[Materials provided]
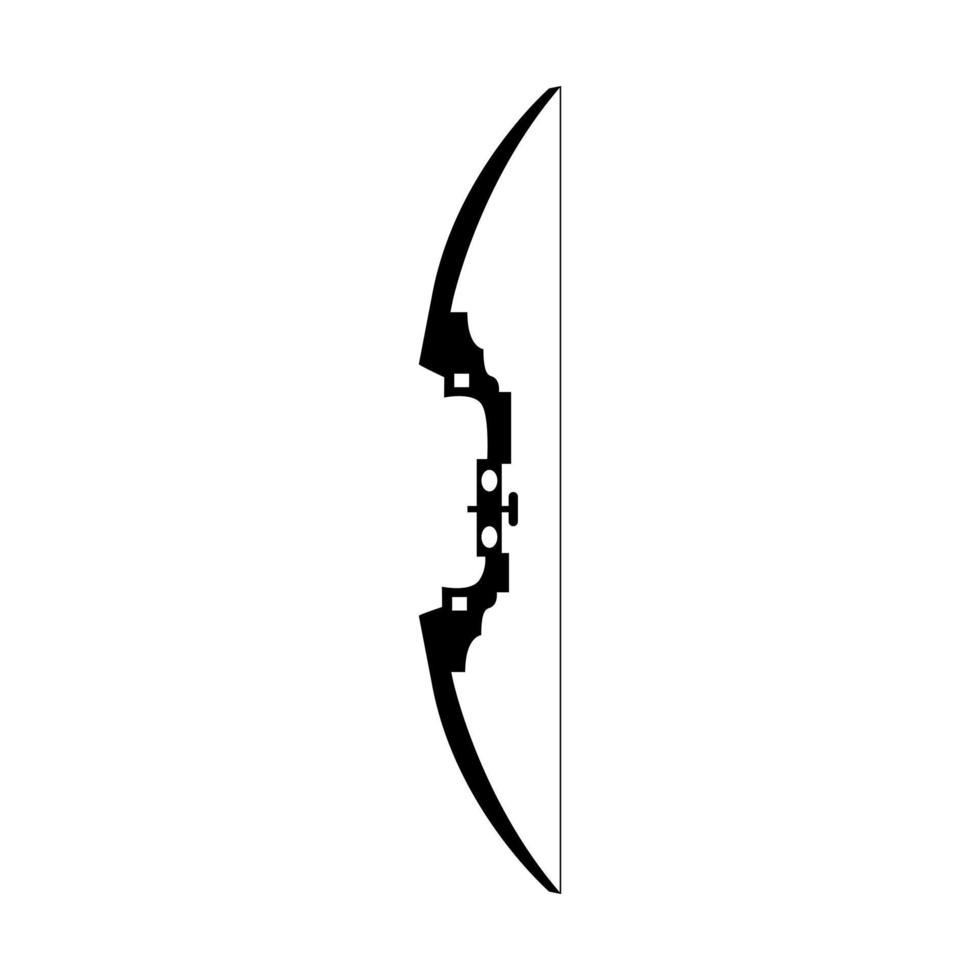 Bogen Symbol Vektor. Bogenschütze Illustration unterzeichnen. Bogenschießen Symbol. Bogenschütze Logo. vektor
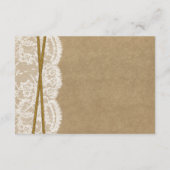 Carte détaillée de la collection Kraft, Lace & Sun (Dos)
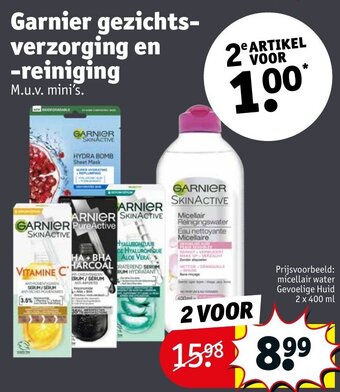 Kruidvat Garnier gezichtsverzorging en -reiniging aanbieding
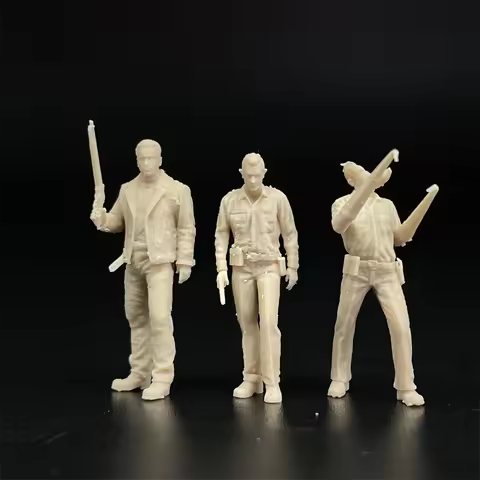 1/64 Scale Resin Model The Terminator T800 T1000 Figures Figures Dioramas Unpainted Figurines Miniat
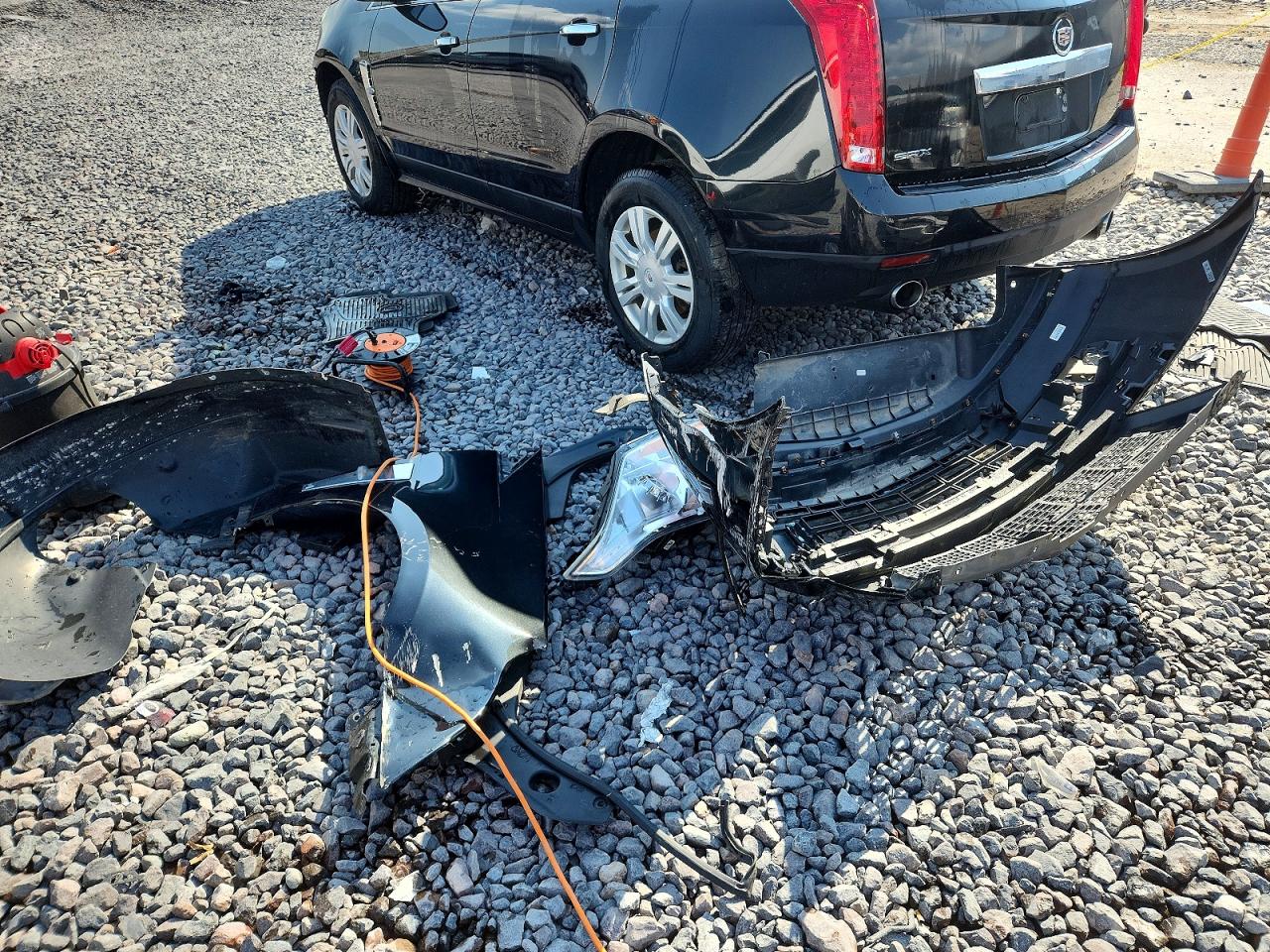 2012 Cadillac Srx Black vin: 3GYFNGE33CS541929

[Task details] Could the listing above be transcribed exactly, with the pictures left out?

[Exercise result]
 Bogen Symbol Vektor. Bogenschütze Illustration unterzeichnen. Bogenschießen Symbol. Bogenschütze Logo. vektor
 Carte détaillée de la collection Kraft, Lace & Sun (Dos)
 Kruidvat Garnier gezichtsverzorging en -reiniging aanbieding
 1/64 Scale Resin Model The Terminator T800 T1000 Figures Figures Dioramas Unpainted Figurines Miniat
 2012 Cadillac Srx Black vin: 3GYFNGE33CS541929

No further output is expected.